There’s 2 times in which you can run the defer block and its drop_important_buffer(…) call.

before the function returns and before important_func_needs_buffer(…);
or, before the function returns but after important_func_needs_buffer(…).

The problem becomes immediately apparent, here: if the defer runs before the expression in the return statement (before important_func_needs_buffer(…)), then you actually drop the buffer before the function has a chance to use it. That’s a one-way ticket to a use-after-free, or other extremely security-negative shenanigans. So, the only logical and plausible choice is to run the second option, which is that the defer block runs after the return expression is evaluated but before we leave the function itself.

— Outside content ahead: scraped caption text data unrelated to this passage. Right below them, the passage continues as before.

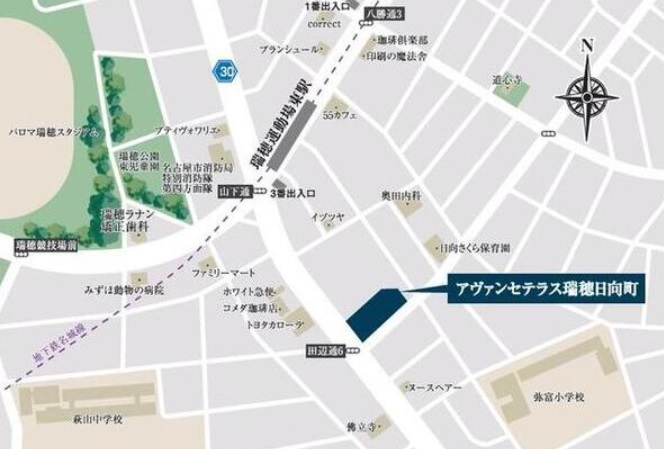 名古屋市瑞穂区田辺通のマンションの建物外観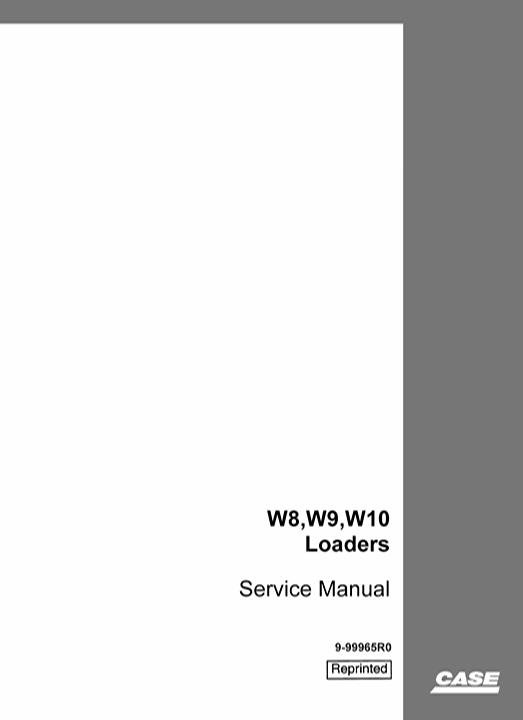 Case W10 Loader service repair manual, showcasing essential repair guidelines and diagrams for effective maintenance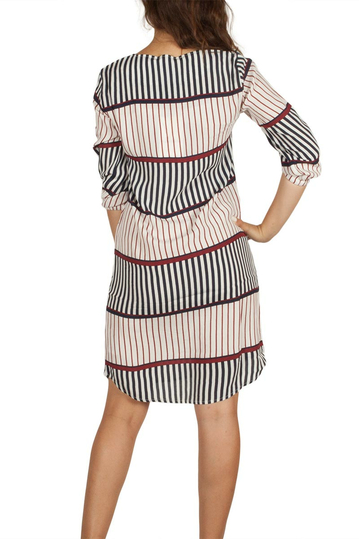 Soft Rebels Lilly ριγέ φόρεμα λευκό-μπλε-μπορντό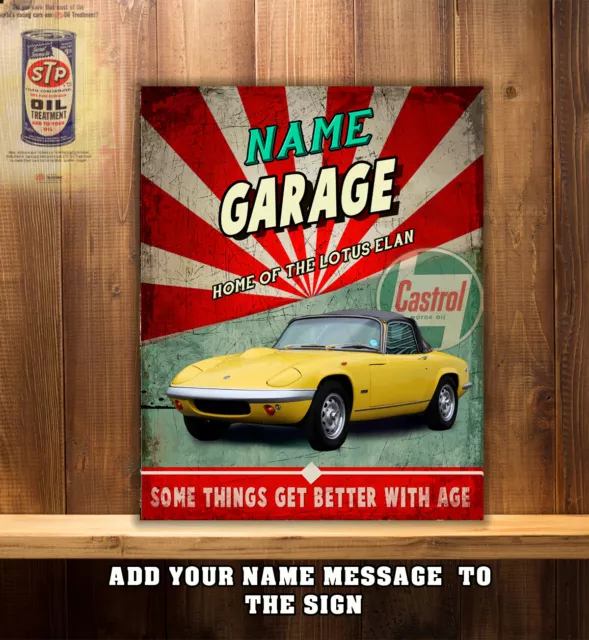 Personalised Lotus Elan Garage Workshop Shed Vintage Metal Wall Sign Gift CS178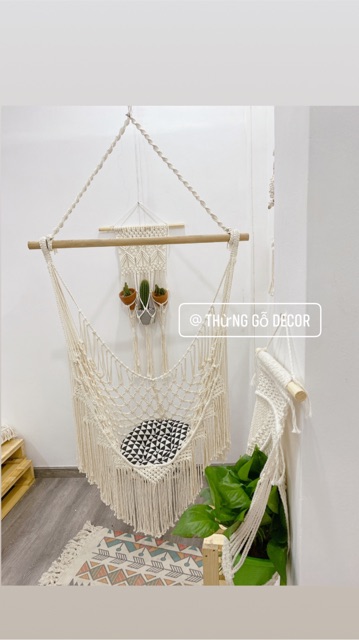 [Mã SKAMLTSM9 giảm 10% đơn 99K] Võng ngồi macrame size người lớn tặng kèm gối tròn lót và móc treo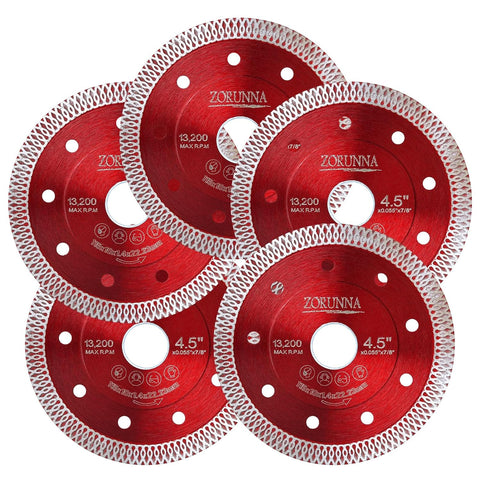 ZORUNNA 5Pcs 4.5" Diamond Saw Blades, Tile Cutting Blade for Angle Grinder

This does frustrate some people, who want to use defer as a last-minute “return value change” like so:

int main (int argc, char* argv[]) {
	int val = 0;
	int* p_val = &val;
	defer {
		if ((argc % 2) == 0) {
			*p_val = 30;
		}
	}
	return val; // returns 0, not 30, even if argc is e.g. 2
}

But I value much more highly compatibility with existing practice (both __try/__finally and __attribute__((cleanup(…))))), compatibility with C++ destructors, and avoiding the absolute security nightmare. If someone wants to evaluate the return expression but still modify the value, they can write a paper or submit feedback to implementations that they want defer { if (whatever) { return ...; } } to be a thing. That way, such a behavior is formalized. And, again, even if I don’t personally want to write code like this or see code like this, there’s still a detectable, tangible, completely well-defined behavior for what happens if a return is evaluated in a defer. This is also not nearly as complex as e.g. Go’s defer, because the defer TS uses a translation-time scoped defer.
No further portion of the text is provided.